= Vuntut Gwitchin First Nation =

First Nation in Yukon, Canada

The Vuntut Gwitchin First Nation (VGFN) is a First Nation in the northern Yukon in Canada. Its main population centre is Old Crow. The language originally spoken by the people is Gwichʼin.

==Gwich'in Nation==
Vuntut Gwich'in refers specifically to the Gwich'in people who lived in Van Tat which translates as "people of the lakes." More recently, VGFN has incorporated the Vuntut Gwich'in and Dagoo Gwich'in (who traditionally lived further up the Porcupine River). The wider Gwich'in nation is spread across northwestern Canada and Alaska. Other Gwich'in communities include: the Tetlit Gwich'in in Fort McPherson, Northwest Territories; Tsiigehtchic Gwich'in in Tsiigehtchic, Northwest Territories; Gwichyaa Gwich'in in Fort Yukon, Alaska; Arctic Village, Alaska; Chalkyitsik, Alaska; and Venetie, Alaska.

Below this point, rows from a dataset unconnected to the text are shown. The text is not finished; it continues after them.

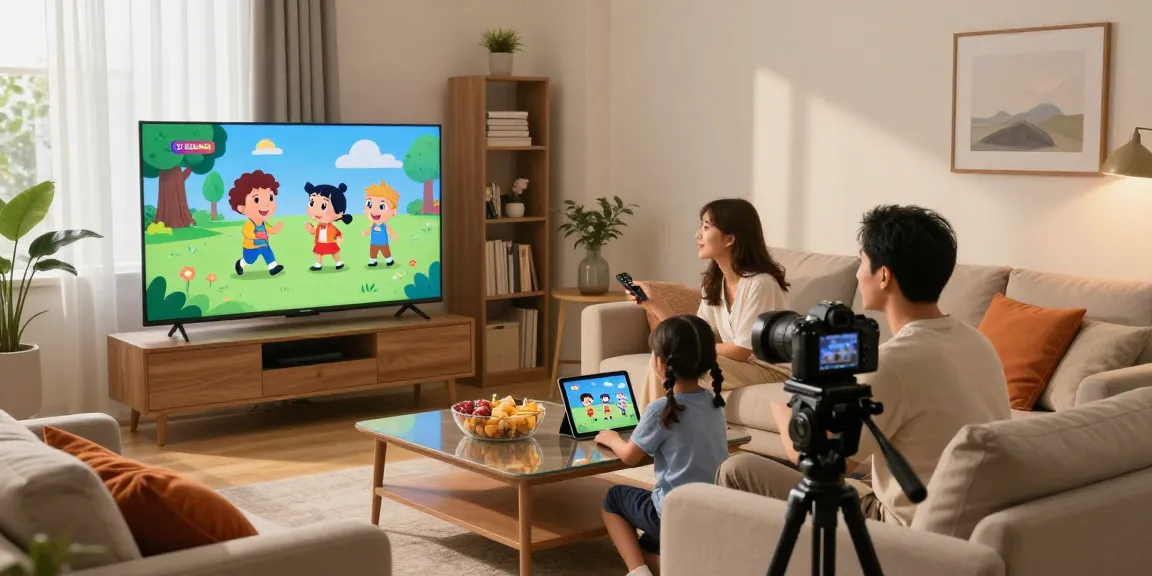 Família assistindo IPTV com bestbraziliptv na sala de estar moderna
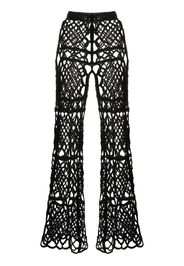 Anna Sui layered macramé trousers - Nero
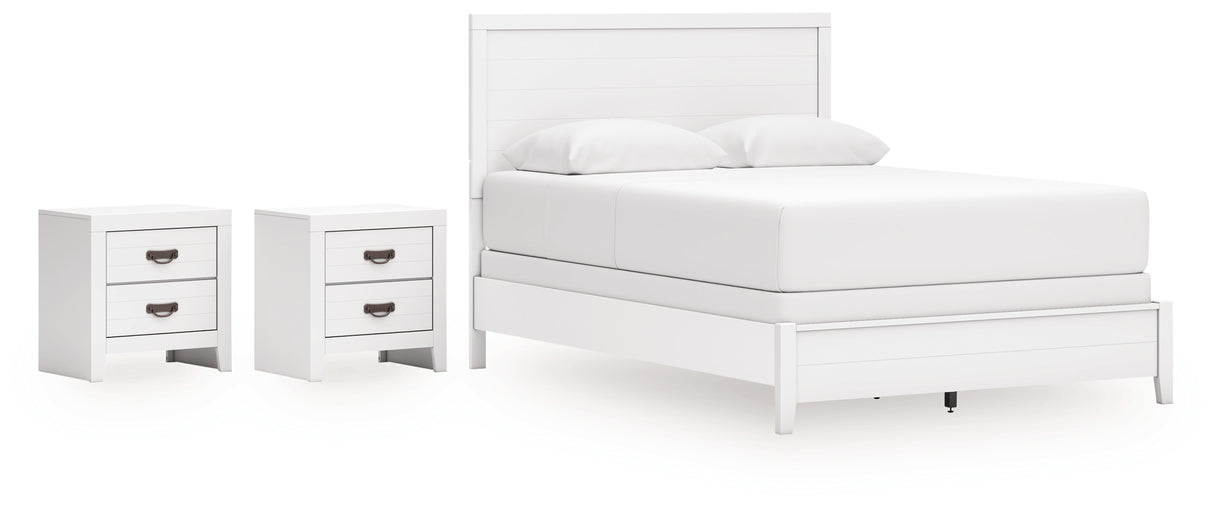 Binterglen Queen Panel Bed with 2 Nightstands in White from Ashley - Luna Furniture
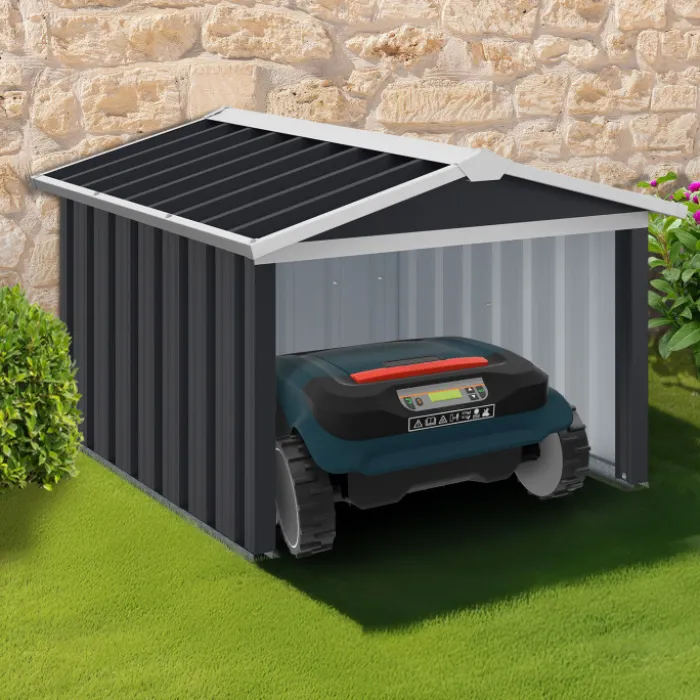Garage pour robot tondeuse en métal gris anthracite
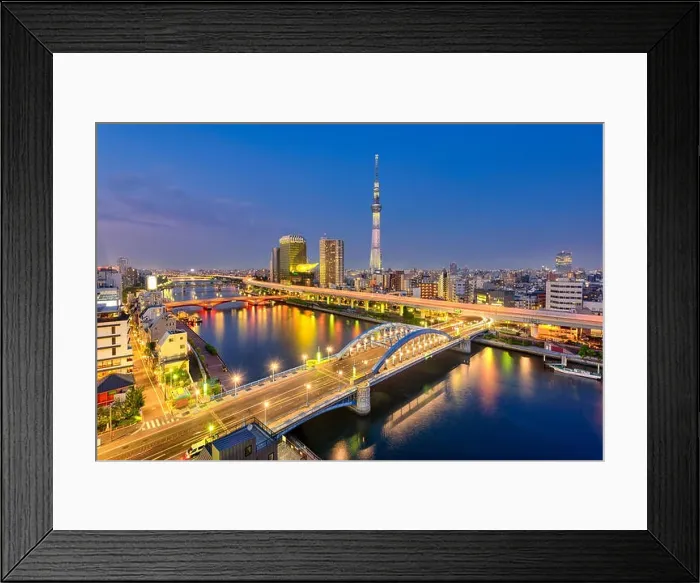 Framed Print : Tokyo, Japan skyline on the Sumida River Framed Print : Tokyo, Japan skyline on the Sumida River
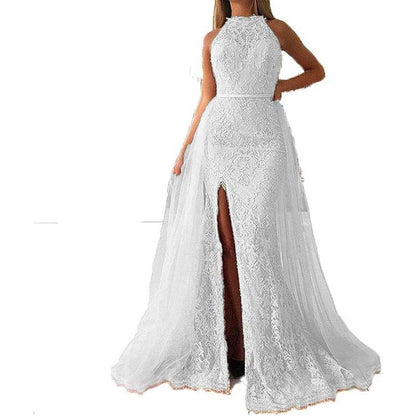 Women Halter Neck Prom Gowns Mermaid Long Evening Dress Wedding Ball Gowns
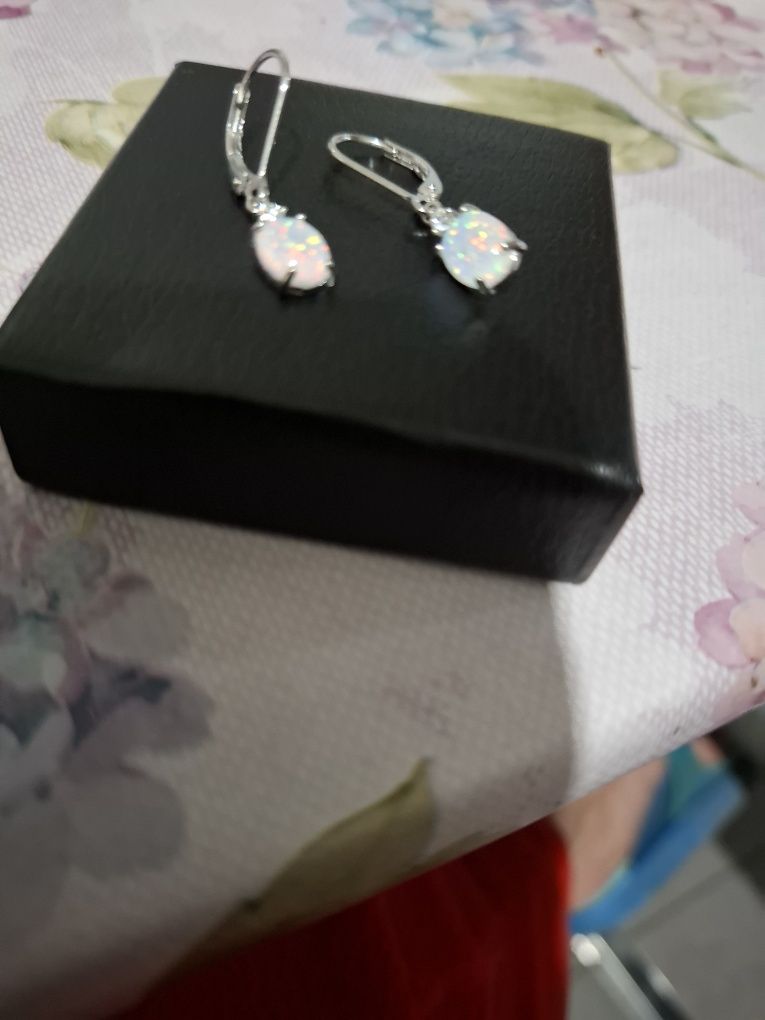 Cercei argint 925 cu opal de Australia și zirconii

==Self Government Agreement==
The Vuntut Gwitchin First Nation was one of the first four First Nations to sign a land claims agreement in 1995.

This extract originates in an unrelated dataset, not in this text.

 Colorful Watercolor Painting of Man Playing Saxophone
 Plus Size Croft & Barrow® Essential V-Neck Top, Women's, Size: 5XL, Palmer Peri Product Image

The chief is presently Pauline Frost, and was previously Dana Tizya-Tramm from 2019 to 2023.

==Vuntut Development Corporation==
Vuntut Development Corporation, the business arm of the Vuntut Gwitchin First Nation, owns 49% of Air North, a Canadian airline based in Whitehorse. Air North provides regular passenger and cargo service to Old Crow, several other Yukon destinations, Inuvik, as well as six major Canadian cities.

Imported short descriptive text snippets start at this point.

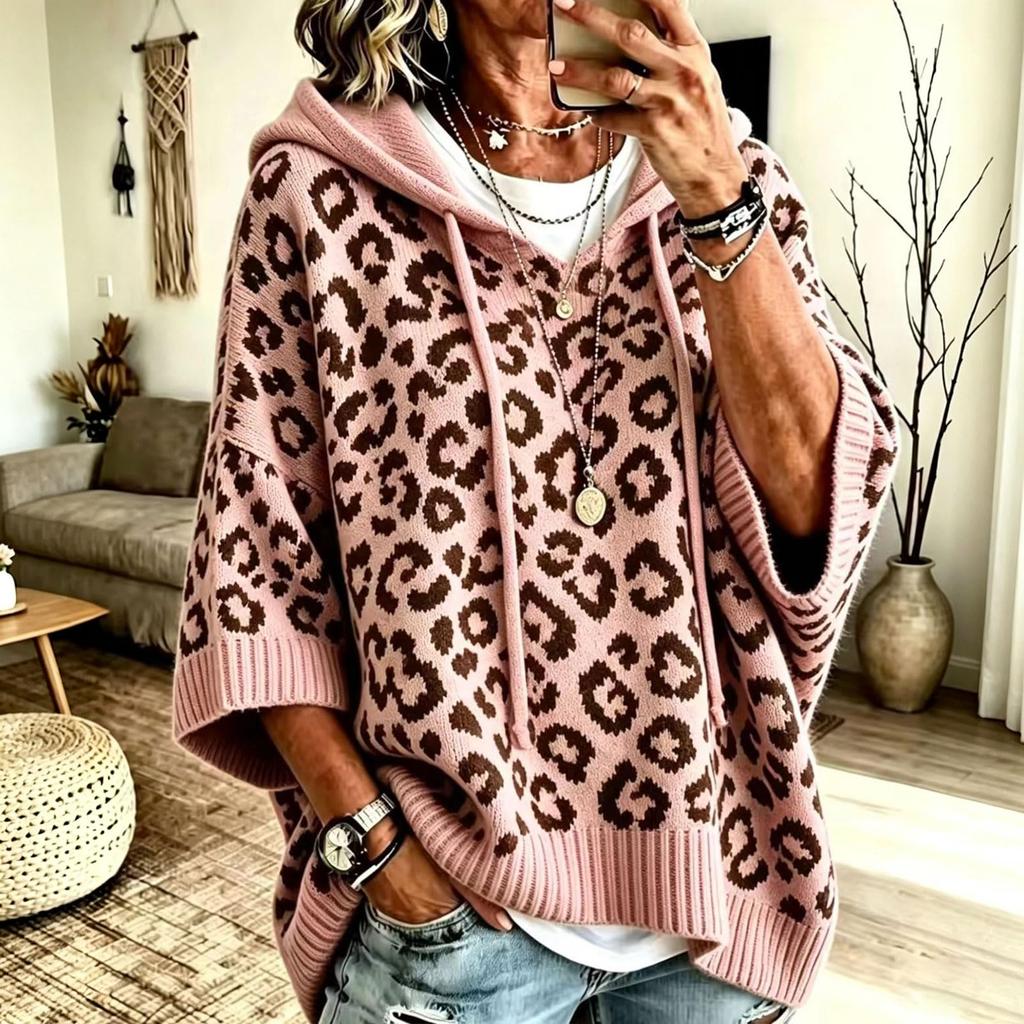 Sweat à capuche à cordon imprimé léopard pour femme Coupe ample Sweat-shirt décontracté
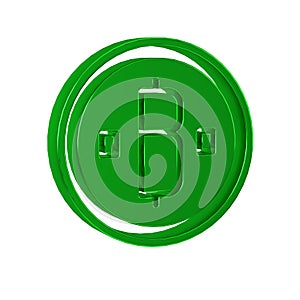 Green Cryptocurrency coin Bitcoin icon isolated on transparent background. Physical bit coin. Blockchain based secure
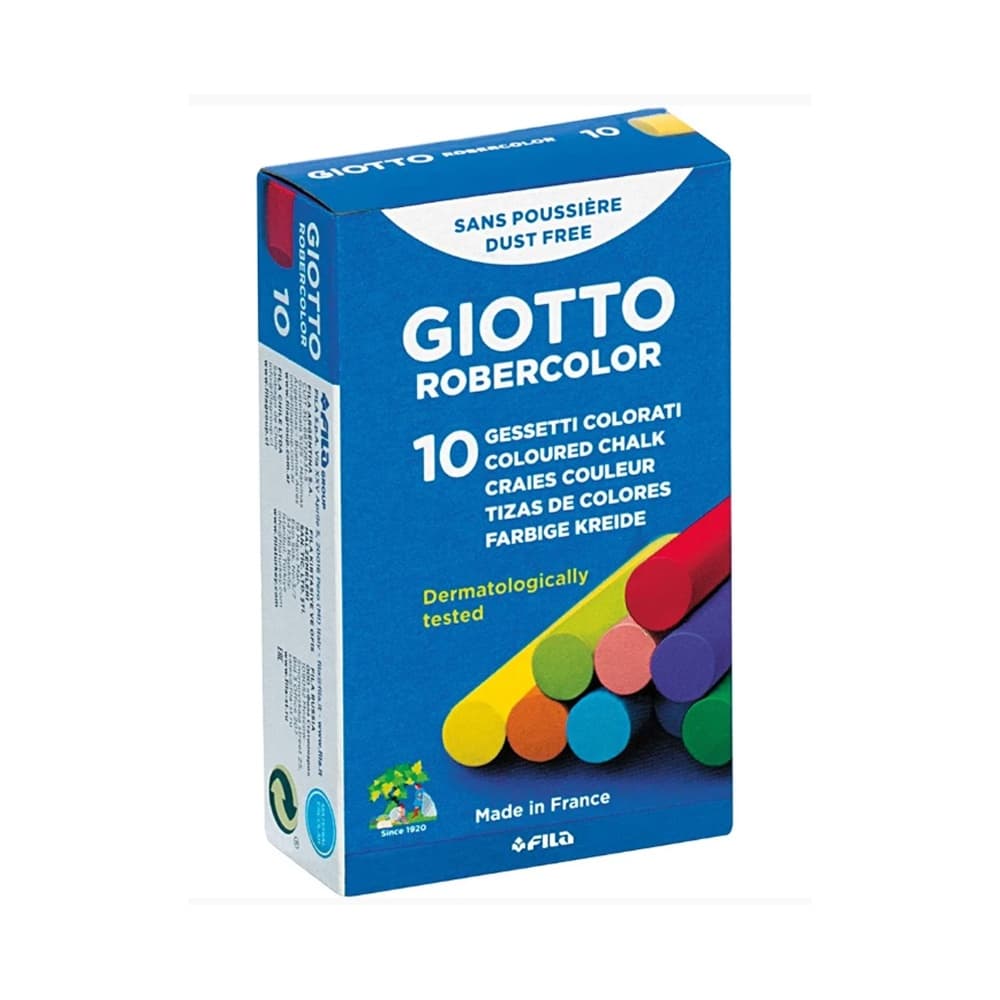 Giz Escolar Colorido Robercolor com 10 Unidades - Giotto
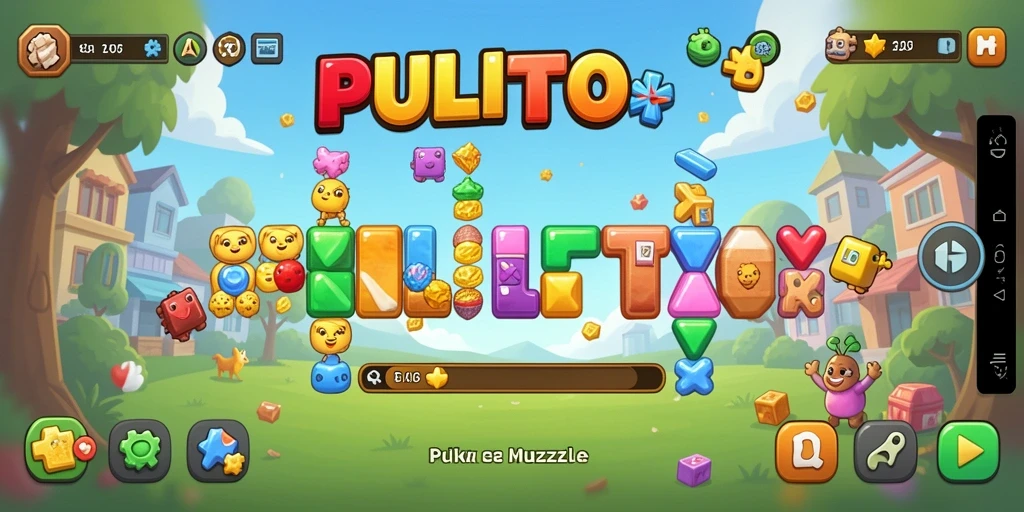 Screenshot gameplay PULITOTO dengan teka-teki yang penuh warna.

In partnership with Kluane First Nation, Vuntut Development Corporation and North Air created and run Chieftain Energy Limited Partnership. Additional non-equity partnership arrangements exist with Dease River First Nation, Kwanlin Dün First Nation, Selkirk First Nation, the First Nation of Na-Cho Nyäk Dun and Tr’ondëk Hwëch’in. This energy company is the first majority First Nation-owned company. Its goal is to maintain a local supply chain for fuel, lubricants, and liquified natural gas. It services the Yukon, Northwest Territories, and Northern B.C.